Why Your Child Making Duckfaces is Actually Bad for Them
Parents Be Wary
As a result, your children may become affected by this combination of taking selfies and social media; in other words, selfie culture.
Selfie culture can make some individuals feel self-conscious about how they look, lower their self-esteem, or even the opposite; make them narcissistic, obsessed with themselves.
Selfies: The New Personality Test?
In a study done by Lin Qiu, found in the book Computer in Human Behaviour, she tests 107 students by having them fill out a survey and having her and her team analyze the selfies of the students. Doing so, she concludes that people in their selfies can have 4 different attributes.
A Conducted Study
***To protect their identity, we guaranteed them that we would change their names to make sure no one would be sure who they were.***
This is Lisa, a 1st year student that we asked to take a selfie for our study. As seen in the photo, Lisa covers part of her face while taking her selfie. According to the study by Lin Qiu, covering part of her body is a sign of being self-conscious, or showing signs of conscientiousness, as she tries to be private about revealing her whole face.
This is Martha, another freshman student we asked to be part of our study. As you can see, Martha shows no emotion at all, has a bland, and seemingly angry looking face. According to Lin Qiu's study, Martha shows signs of neuroticism, which means she could be somewhat emotionally unstable.
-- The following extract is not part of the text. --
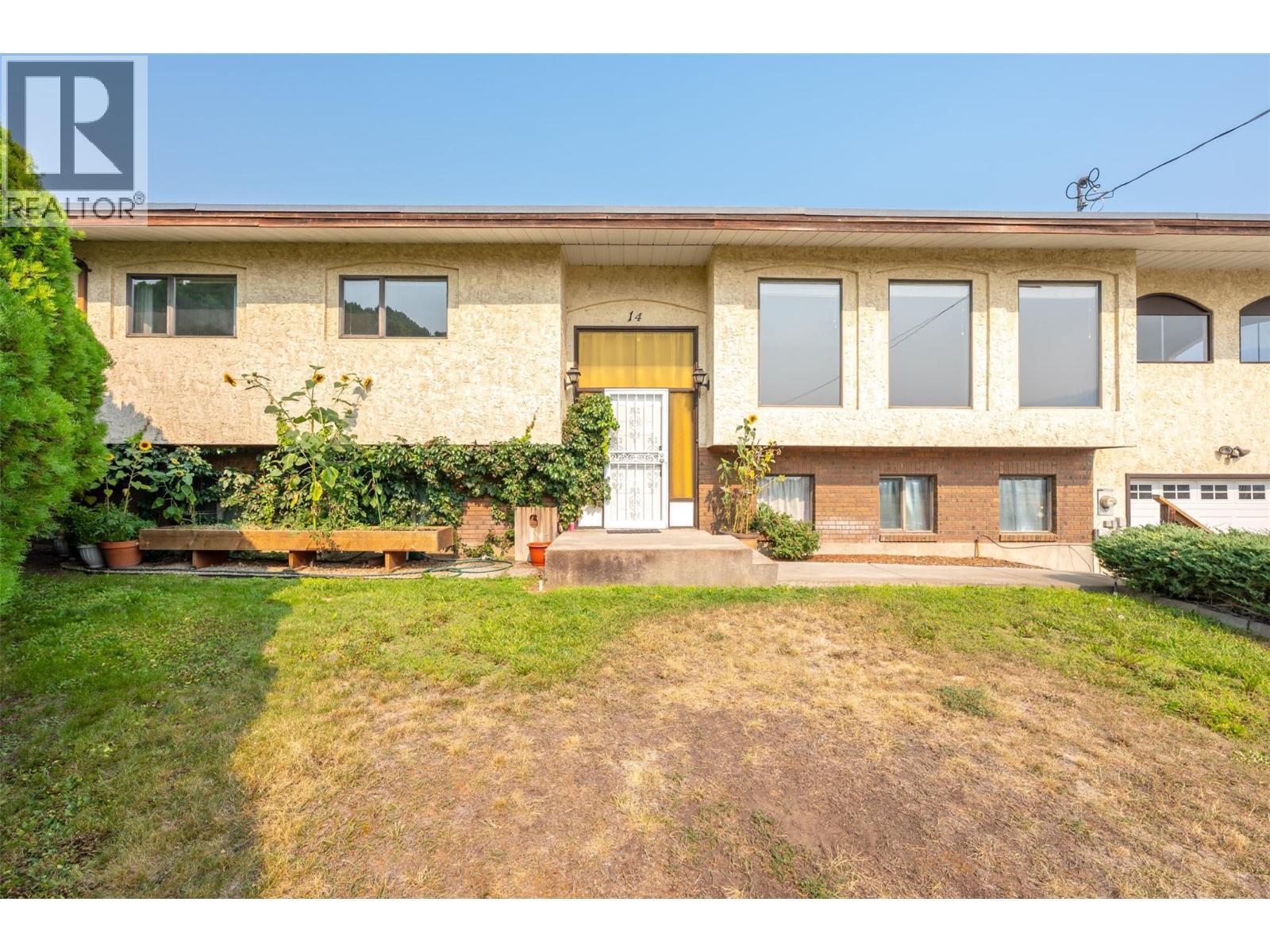14 Bartlett Place, Osoyoos, BC - Outdoor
This is Gregory, a sophomore here at VCU. In this photo, he has his eyes closed while making a duckface. He took multiple photos on our phone and wanted this photo as the one we present of him. According to the study, Gregory shows signs of extreme neuroticism, indicating that since he does not make regular faces, he could be suffering from anxiety, fear, moodiness, worry, envy, frustration, jealousy, and/or loneliness.